Wie Medienprofis besser mit Kritik umgehen Attila Albert

Niemand gelingt es, Kritik „nicht persönlich zu nehmen‟. Manchmal empfindet man sie aber als völlig übertrieben oder ganz unzutreffend. Karrierecoach Attila Albert sagt, wie Sie damit umgehen können und was das Zeichen dafür ist, dass Sie den Arbeitgeber wechseln sollten.

Berlin – Das Jahresende ist in vielen Medienhäusern die Zeit der individuellen Mitarbeitergespräche. Manche sind als lockerer Austausch angelegt, andere folgen einem strukturierten Leitfaden. Dabei wird besprochen und bewertet, inwieweit der Mitarbeiter seine Jahresziele erreicht hat. Nicht selten leitet sich davon auch die Höhe der Prämie (Tantieme) ab. Dabei kann es jedoch unschöne Überraschungen geben: Kritik, die man für übertrieben oder ganz unzutreffend hält, mit der man eventuell auch überhaupt nicht gerechnet hatte.

 

Viele Medienprofis gehen dabei sowieso misstrauisch in Mitarbeitergespräche.

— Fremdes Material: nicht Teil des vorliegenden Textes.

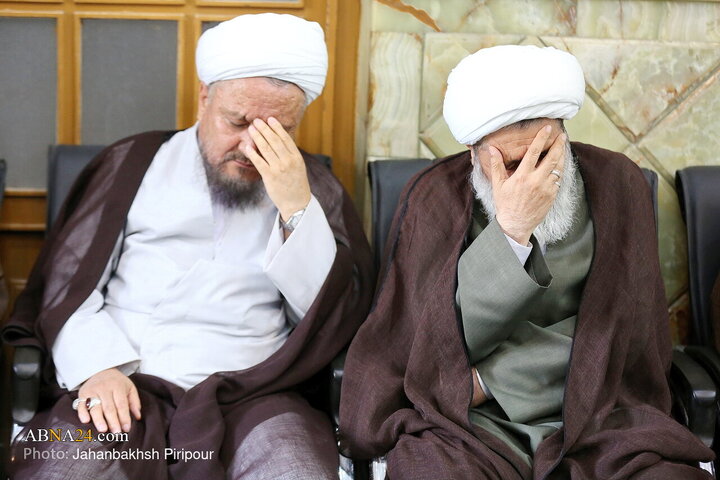 Photos: Memorial Ceremony for Ayatollah Mohaqiq Kabuli and Ayatollah Fayyaz held in Qom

Wer freut sich schon darauf, von seinem Vorgesetzten beurteilt und nach Leistung eingestuft zu werden, eventuell in Prozentwerten nach einem festen Raster? Zwar ist jedem klar, dass sich daraus auch wertvolle Hinweise ergeben können, wie man seine Arbeit künftig besser erledigen oder angemessener auftreten könnte. Aber es ist doch unangenehm zu hören, dass man in manchen Punkten die Erwartungen nicht erfüllt hat. Wie damit umgehen?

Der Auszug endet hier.